*** Opening Records provided ***

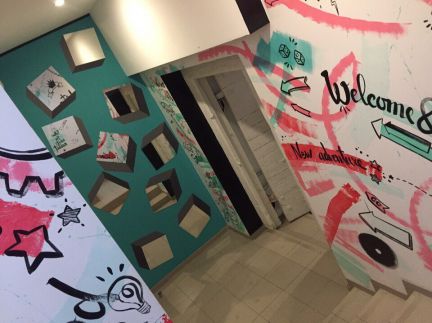 ����� ��������� ���������� ���������� �������� ���� 124�8 (���� �3)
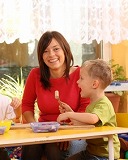 e4bd93e9a893e38292e38199e3828b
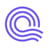 Quorum Logo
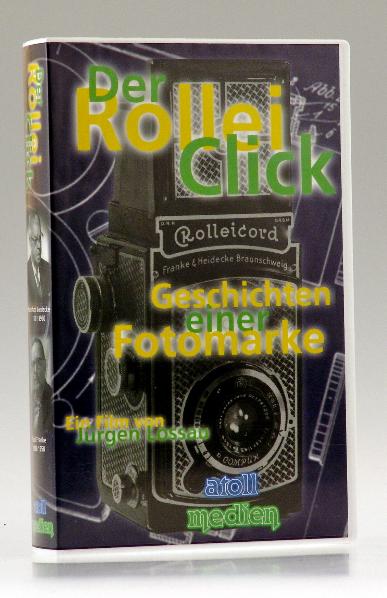 Der Rollei-Click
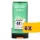 L'Oreal Paris Men Expert férfi tusfürdő Derma Control 300ml (Karton - 6 db)
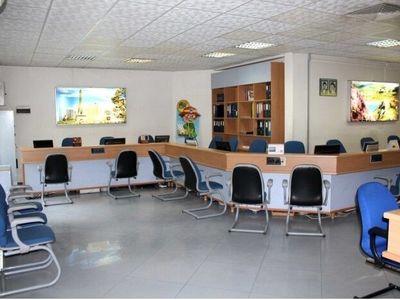 صدور تذکر کتبی به 7 دفتر خدمات مسافرتی در آذربایجان شرقی در آستانه نوروز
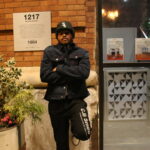 7Z MAXI – “Back From The Dead”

*** Closing Records provided ***

> [What needs to be done] So that the copy stays exact, reproduce each record word for word and leave its images out.

> [Solution to this exercise]
 ����� ��������� ���������� ���������� �������� ���� 124�8 (���� �3)
 e4bd93e9a893e38292e38199e3828b
 Quorum Logo
 Der Rollei-Click
 L'Oreal Paris Men Expert férfi tusfürdő Derma Control 300ml (Karton - 6 db)
 صدور تذکر کتبی به 7 دفتر خدمات مسافرتی در آذربایجان شرقی در آستانه نوروز
 7Z MAXI – “Back From The Dead”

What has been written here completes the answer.